I became disenchanted in the Profile 5 because the terminals aren't heavy duty, not even gold plated. And although I haven't seen any guts, I'm willing to bet there's nothing much inside (guts of the Profile 4 in ampguts gave me a clue). their only good point is that they are hand assembled in England, and have a "halo effect" on sound quality from the Series III.

I'm now attracted to the DLS A7 because of the meaty guts, better terminals and higher power rating. Plus the fact that it's class AB all the way down to the sub channel. AB is aguably still the best amp class for SQ (aside from Class A, of course). The biggest weight in favor of the DLS A7 is the fact that I've auditioned a couple of systems that run them and I absolutely loved the warm, full-bodied sound. 

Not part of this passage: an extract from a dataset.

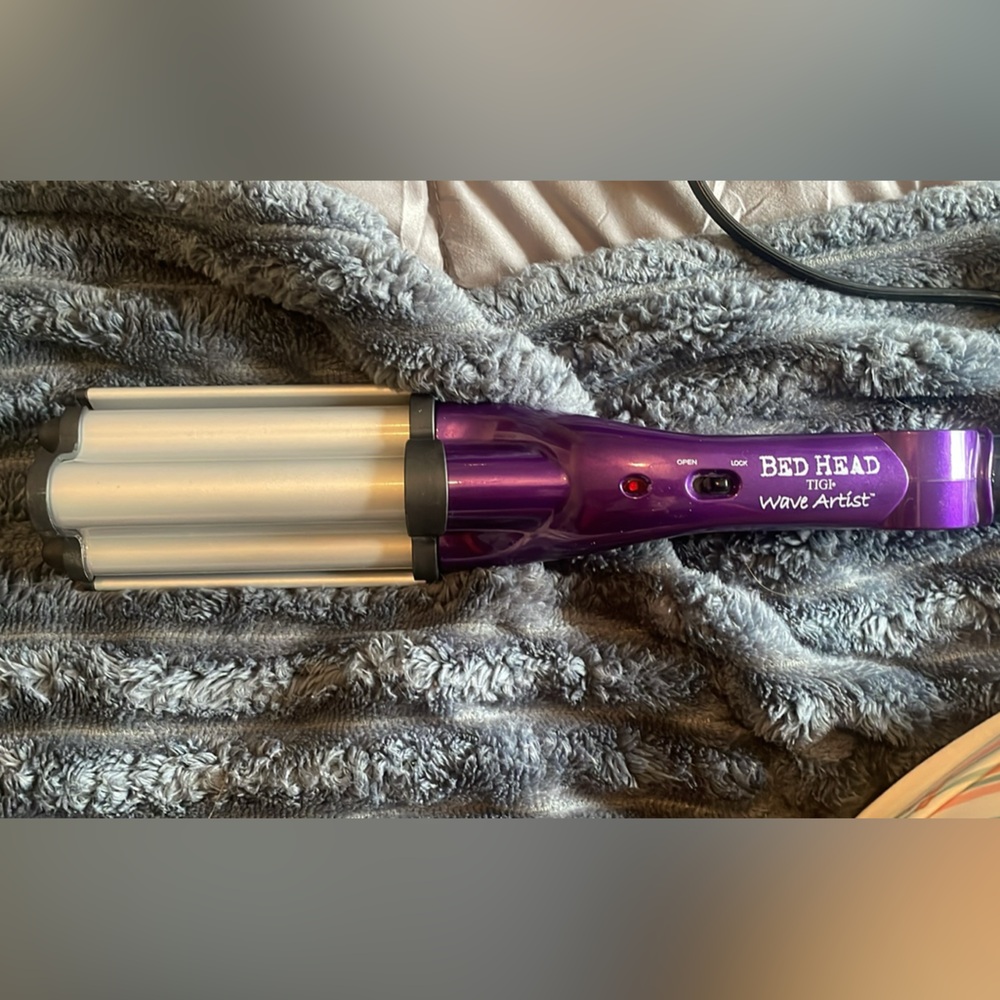BedHead Purple and Silver Wave Artist Hair Tool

a "nuisance candidate" for my "amp money" would be the Focal 5.500, also similarly priced to the Profile 5 and A7. This amp aroused my curiosity because of its 4-power supplies, 2 for the 4 channels and another 2 for the sub channel! Quite an interesting design concept.

Will need to make a decision by mid-June and any input at all until then would be greatly appreciated.

btw, i wish the 5 channel Memphis Belle and the PG Roadster 66 are available here. Could've made the choices much more interesting.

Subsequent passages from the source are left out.